Хотя сегодня, когда заходит речь о советских мемориалах, мы склонны прежде всего вспоминать образ напористой Родины-матери в Сталинграде, до открытия в 1967 году мемориального комплекса на Мамаевом кургане наиболее почитаемым памятником победе была скульптура «Воин-освободитель» в Трептов-парке, созданная тоже Евгением Вучетичем. Ее изображение чрезвычайно часто появлялось в печатных изданиях того времени [317]. Именно скульптура Вучетича была выбрана для изображения на обложке первого тома новой «Истории Великой Отечественной войны Советского Союза», опубликованной в 1960 году (в 1959 году это издание было анонсировано в «Огоньке»), а в дальнейшем «Огонек» использовал ее как украшенный виньетками инициал в серии публикаций 1965 года, посвященных войне [318]. С 1951 по 1981 годы эта скульптура также не менее девяти раз изображалась на почтовых марках Советского Союза [319], в этих же целях она использовалась по меньшей мере двумя странами Советского блока и даже появилась на праздничных марках, посвященных сорокалетию победы над фашизмом, которые в 1985 году были выпущены на Кубе [320]. Использование монумента подобным образом предназначалось не только для памяти о значимых военных годовщинах. Появление скульптуры Вучетича на 60-копеечной марке в 1957 году было связано с празднованием 200-летия Академии художеств. Это была серия, в которую также были включены один из автопортретов Репина и «Рабочий и колхозница» Мухиной. Но наиболее часто скульптура Вучетича воспроизводилась в 1965 году, когда она появилась на рублевой монете, выпущенной к двадцатой годовщине победы, — так воин-освободитель в буквальном смысле оказался в руках всей страны.

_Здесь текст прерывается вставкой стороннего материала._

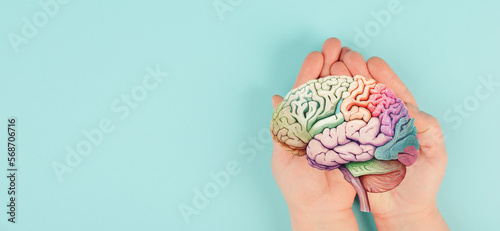 Holding a brain in the hands, Parkinson disease, Alzheimer awardness, mental disorder dementia, psychology problems, adhd, cerebral vein thrombosis, generative ai used for brain photo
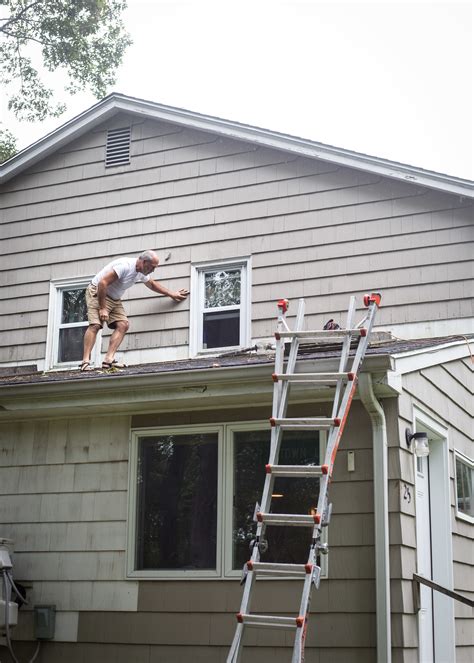 Invasive Infestations — The YellowJacket Expert LLC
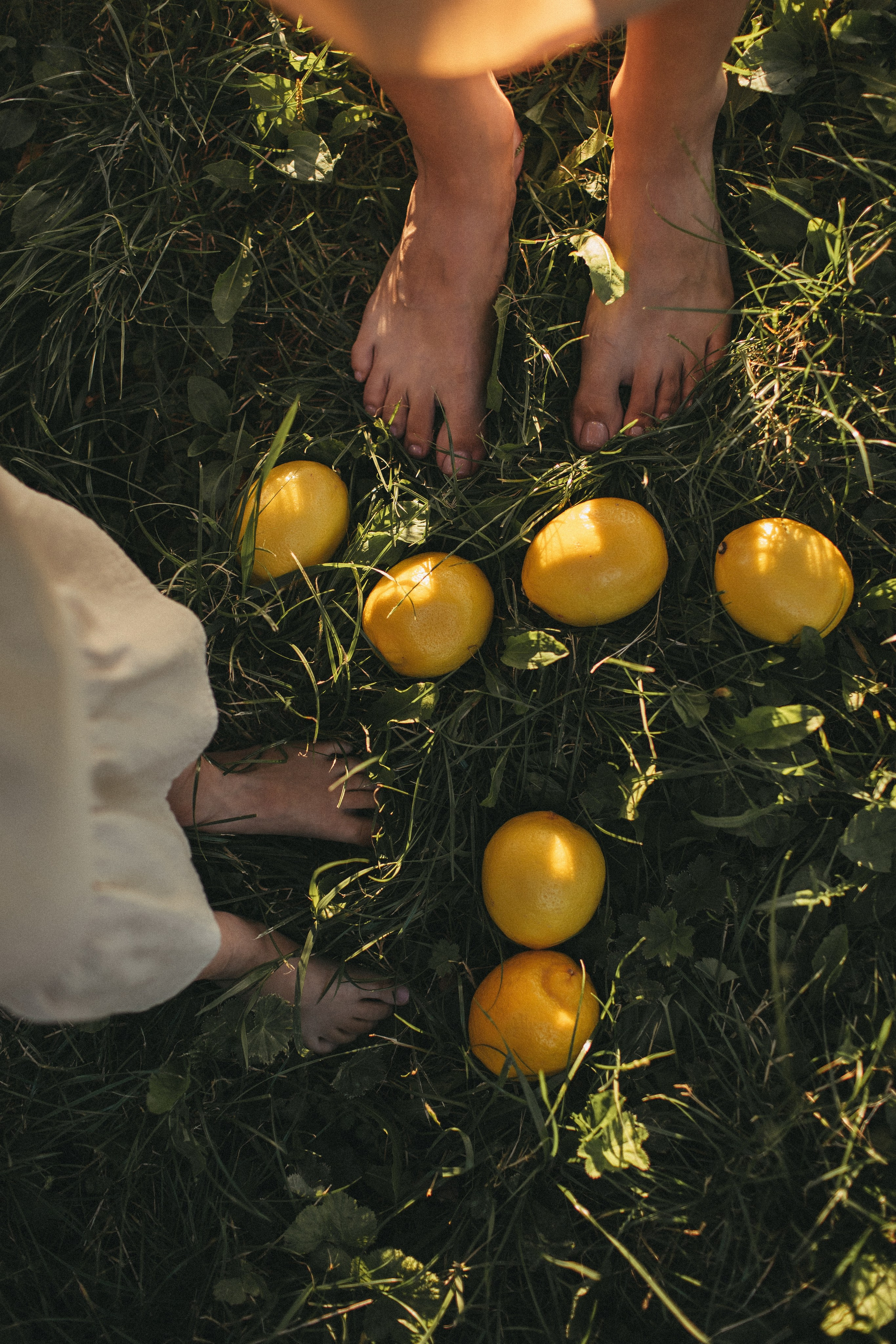 История с лимонами. Семейный фотограф в Москве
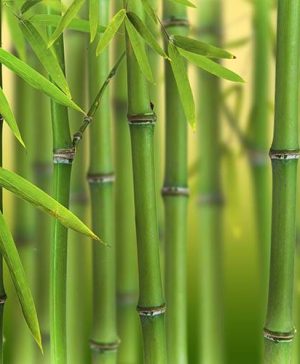 Green Bamboo Phyllostachys bissetti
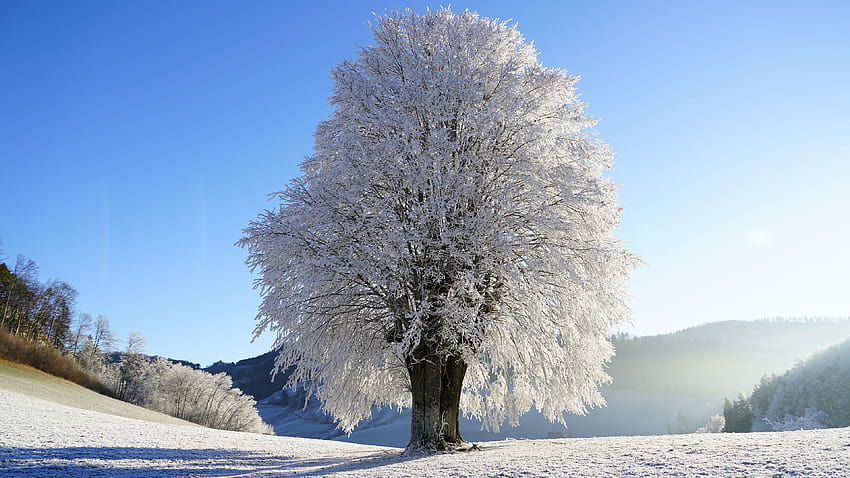 Chromebook albero invernale, inverno Chromebook Sfondo HD
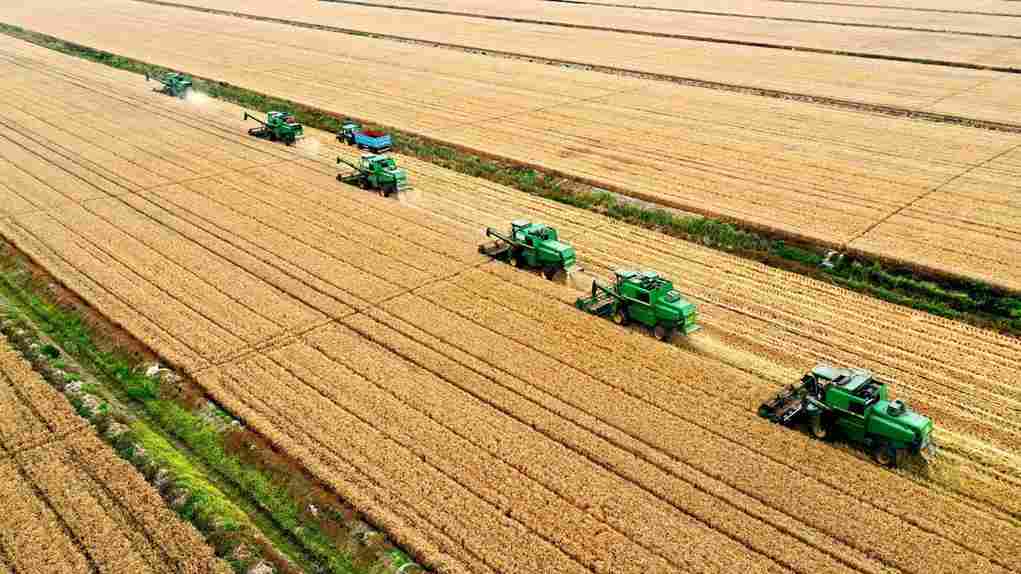 Efficient Rice Mill Machinery for Optimal Production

Этот монумент в самом деле был столь популярен, что в марте 1963 года даже прозвучало предложение установить его копию в центральной части мемориала на Поклонной горе в Москве, — предполагалось, что ее высота будет 85 метров, притом что высота оригинальной скульптуры составляет около 13 метров [321]. Этот московский мемориал оставался незавершенным до 1990‐х годов, и в итоге его разработчики предпочли скульптуре Вучетича обелиск. Однако в 2003 году она стала центральной частью мозаики Зураба Церетели, созданной для украшения новой станции метро «Парк Победы» [322]. Вот каким было наследие памятника, который даже не находился в Советском Союзе!